──────── INPUT DATA ────────

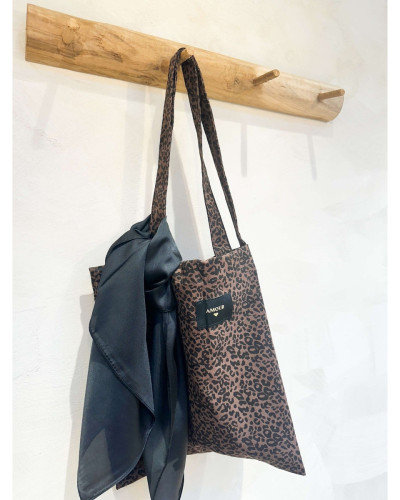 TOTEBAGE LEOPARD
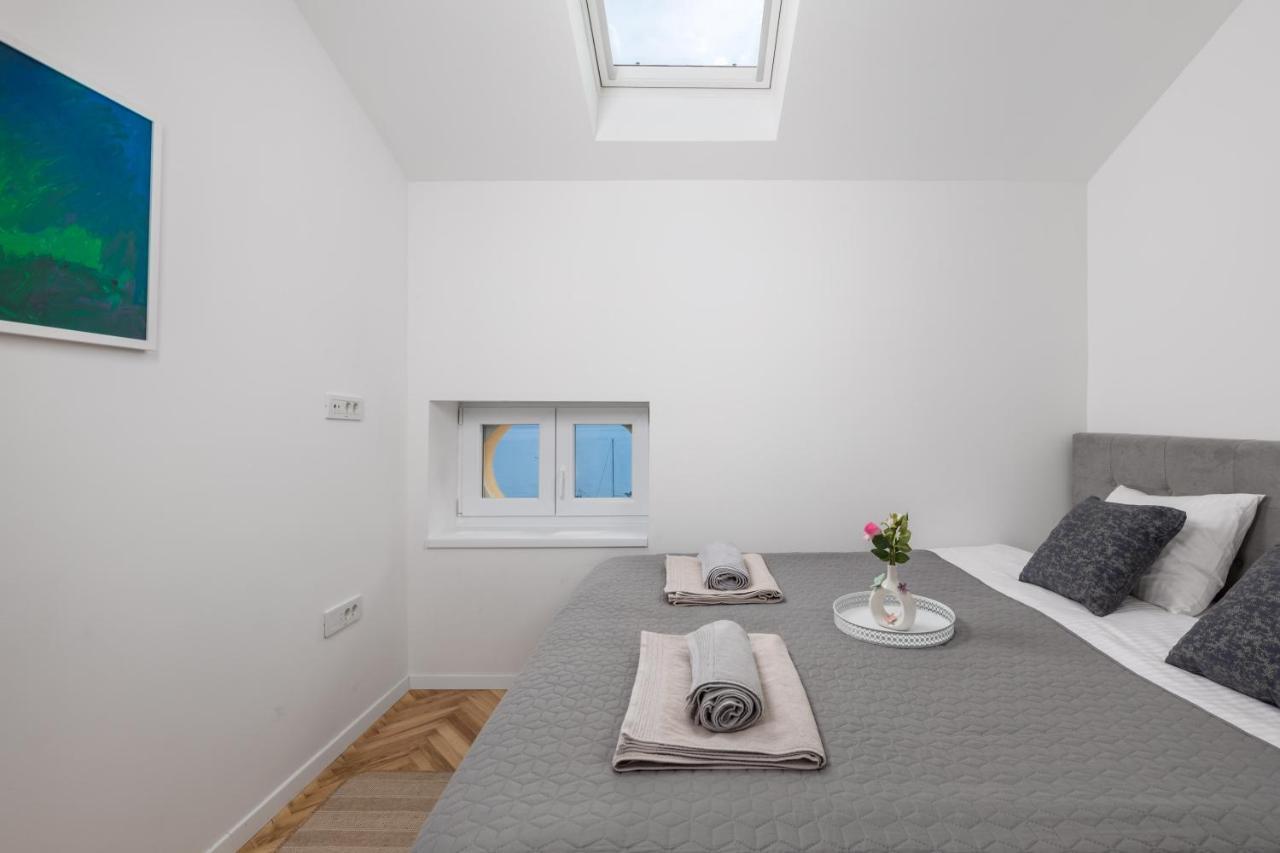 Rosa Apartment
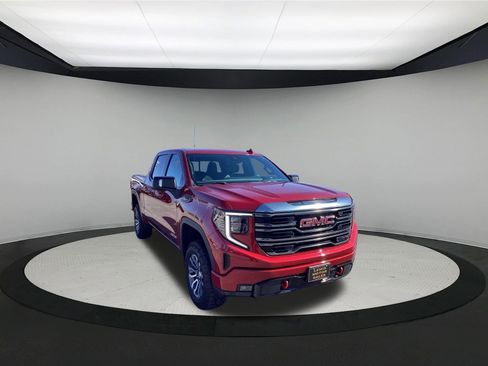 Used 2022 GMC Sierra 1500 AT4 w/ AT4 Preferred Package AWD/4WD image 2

────────

▶ [EXERCISE BRIEF] Your answer should set down the listing verbatim and leave out its images.

▶ [RESPONSE]
 TOTEBAGE LEOPARD
 Rosa Apartment
 Used 2022 GMC Sierra 1500 AT4 w/ AT4 Preferred Package AWD/4WD image 2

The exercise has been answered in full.